The agency is tasked with ensuring that clerics, theologians and other Vatican offices function in keeping with approved Catholic teaching. Critics of Benedict say he used his position to stifle debate, particularly in Catholic academia, on such subjects as birth control, ordination of women and the church's role in battling poverty.

"Let's face it: There is a lot of concern out there in certain circles about this pontificate for everyone who has concerns about academic freedom and how open he's going to be," said John L. Allen Jr., a journalist and Ratzinger biographer.

As John Paul's health declined, Sodano was part of an inner circle, including Ratzinger, that governed the Vatican. On occasion, Sodano issued important policy statements. Last October, for example, he unveiled a new Vatican stance on Iraq that replaced its unbending opposition to the U.S.-led war, saying that governments must help stabilize and rebuild the country. "The child has been born," Sodano said then. "It may be illegitimate, but it's here, and it must be reared and educated."

The Vatican's foreign minister, Archbishop Giovanni Lajolo of Italy, 70, and Archbishop Leonardo Sandri of Argentina, 61, who spoke for John Paul during recent ritual occasions, were also retained Thursday.

The reappointments do not mean the men will all stay on long. Sodano, for instance, is 77 years old, two years beyond the statutory date of retirement for Vatican officials. Benedict, 78, who is in effect an absolute monarch, can keep him on if he wishes.

Vatican watchers have begun to produce lists of possible future appointments to the Curia. Both Vienna's Cardinal Christoph Schoenborn and Cardinal Francis George of Chicago are often mentioned as candidates to head the Congregation for the Doctrine of the Faith. Both backed Benedict's papal candidacy, according to Italian newspaper reports.

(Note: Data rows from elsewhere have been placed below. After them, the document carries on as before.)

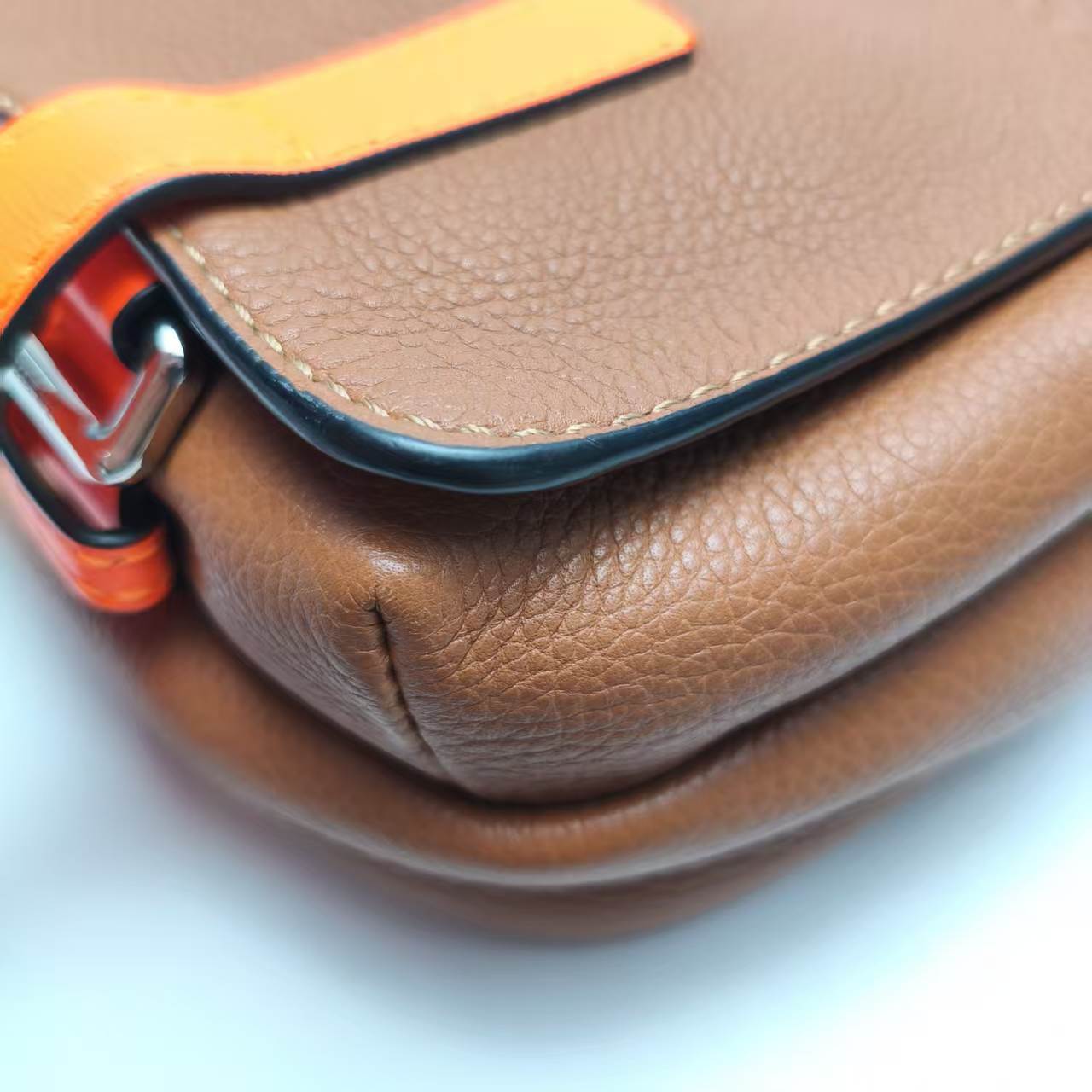 【*Shipped from China*】LOEWE Military Messenger Leather Shoulder Bag — view 7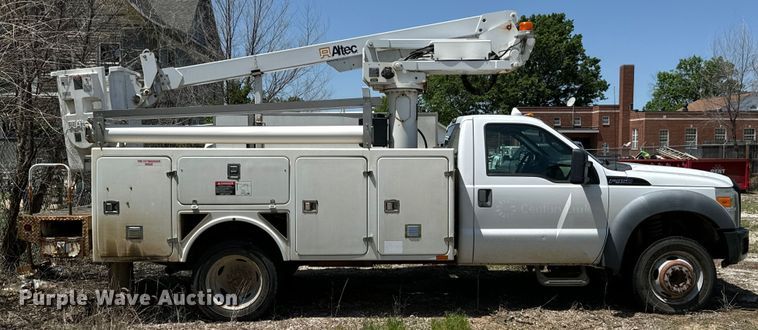 image for item DX0478 2011 Ford F450 Super Duty bucket truck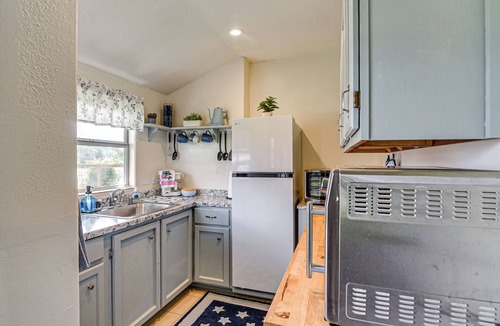 Dickinson Apartment | Waterfront Studio w/Dock, 8 Mi to Kemah Boardwalk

For the second day in a row, Benedict ventured outside Vatican walls to his old apartment in an adjacent neighborhood. He has yet to spend the night in the official papal apartment, which is being renovated. For the time being, he sleeps in St. Martha's House, a residence hotel for visiting clerics and Vatican functionaries.

Benedict traveled by black Mercedes-Benz to his apartment, got out and waved amiably to a crowd that had gathered nearby. He also sent out his first "thought of the day" by text message to Italian cell phone users who subscribe to the service of daily papal messages. "Let us go forth in the joy of the risen Lord and trusting in his permanent help," the message said.

The pope is scheduled to preside at a special outdoor Mass on Sunday at which he will be ceremonially installed as pontiff. On Monday, he will visit the Basilica of St. Paul Outside the Walls and receive pilgrims from his native Germany, Vatican spokesman Joaquin Navarro-Valls said.